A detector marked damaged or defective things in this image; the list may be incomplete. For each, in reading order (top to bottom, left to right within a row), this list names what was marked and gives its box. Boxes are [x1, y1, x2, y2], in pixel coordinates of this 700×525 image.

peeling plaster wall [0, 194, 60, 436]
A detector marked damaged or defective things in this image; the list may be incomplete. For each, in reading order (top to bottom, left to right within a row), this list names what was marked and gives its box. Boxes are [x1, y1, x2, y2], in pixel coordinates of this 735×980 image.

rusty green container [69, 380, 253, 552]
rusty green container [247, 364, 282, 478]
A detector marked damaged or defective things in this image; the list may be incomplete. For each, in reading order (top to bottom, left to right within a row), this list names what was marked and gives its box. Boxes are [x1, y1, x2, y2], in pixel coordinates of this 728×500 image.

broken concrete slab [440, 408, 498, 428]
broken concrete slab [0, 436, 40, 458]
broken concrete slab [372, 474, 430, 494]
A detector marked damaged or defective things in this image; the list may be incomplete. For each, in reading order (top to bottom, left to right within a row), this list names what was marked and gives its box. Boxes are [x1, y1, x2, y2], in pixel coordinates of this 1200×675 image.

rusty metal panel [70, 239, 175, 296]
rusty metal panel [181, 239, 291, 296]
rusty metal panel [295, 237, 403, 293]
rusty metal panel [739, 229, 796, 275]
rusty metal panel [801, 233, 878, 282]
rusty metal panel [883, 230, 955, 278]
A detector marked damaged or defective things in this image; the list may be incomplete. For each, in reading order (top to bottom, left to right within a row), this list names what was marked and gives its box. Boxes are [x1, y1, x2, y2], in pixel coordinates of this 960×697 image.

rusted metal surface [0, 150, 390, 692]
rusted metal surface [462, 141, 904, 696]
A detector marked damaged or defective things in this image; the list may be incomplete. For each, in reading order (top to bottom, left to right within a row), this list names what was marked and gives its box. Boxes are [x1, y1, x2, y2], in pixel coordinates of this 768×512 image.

■ ■ ■ ■ ■ ■ ■

■ **ASSIGNMENT**
Reproduce every record above exactly.

■ **PROBLEM SOLUTION**
A detector marked damaged or defective things in this image; the list may be incomplete. For each, in reading order (top to bottom, left to right within a row), this list names what was marked and gives its box. Boxes are [x1, y1, x2, y2], in pixel coordinates of this 700×525 image.

peeling plaster wall [0, 194, 60, 436]
A detector marked damaged or defective things in this image; the list may be incomplete. For each, in reading order (top to bottom, left to right within a row), this list names what was marked and gives its box. Boxes are [x1, y1, x2, y2], in pixel coordinates of this 735×980 image.

rusty green container [69, 380, 253, 552]
rusty green container [247, 364, 282, 478]
A detector marked damaged or defective things in this image; the list may be incomplete. For each, in reading order (top to bottom, left to right within a row), this list names what was marked and gives its box. Boxes are [x1, y1, x2, y2], in pixel coordinates of this 728×500 image.

broken concrete slab [440, 408, 498, 428]
broken concrete slab [0, 436, 40, 458]
broken concrete slab [372, 474, 430, 494]
A detector marked damaged or defective things in this image; the list may be incomplete. For each, in reading order (top to bottom, left to right within a row), this list names what was marked and gives its box. Boxes are [x1, y1, x2, y2], in pixel coordinates of this 1200×675 image.

rusty metal panel [70, 239, 175, 296]
rusty metal panel [181, 239, 291, 296]
rusty metal panel [295, 237, 403, 293]
rusty metal panel [739, 229, 796, 275]
rusty metal panel [801, 233, 878, 282]
rusty metal panel [883, 230, 955, 278]
A detector marked damaged or defective things in this image; the list may be incomplete. For each, in reading order (top to bottom, left to right within a row), this list names what was marked and gives its box. Boxes are [x1, y1, x2, y2], in pixel coordinates of this 960×697 image.

rusted metal surface [0, 150, 390, 692]
rusted metal surface [462, 141, 904, 696]
A detector marked damaged or defective things in this image; the list may be incomplete. For each, in reading order (top to bottom, left to right within a row), this list names what was marked and gives its box. Boxes are [x1, y1, x2, y2], in pixel coordinates of this 768×512 image.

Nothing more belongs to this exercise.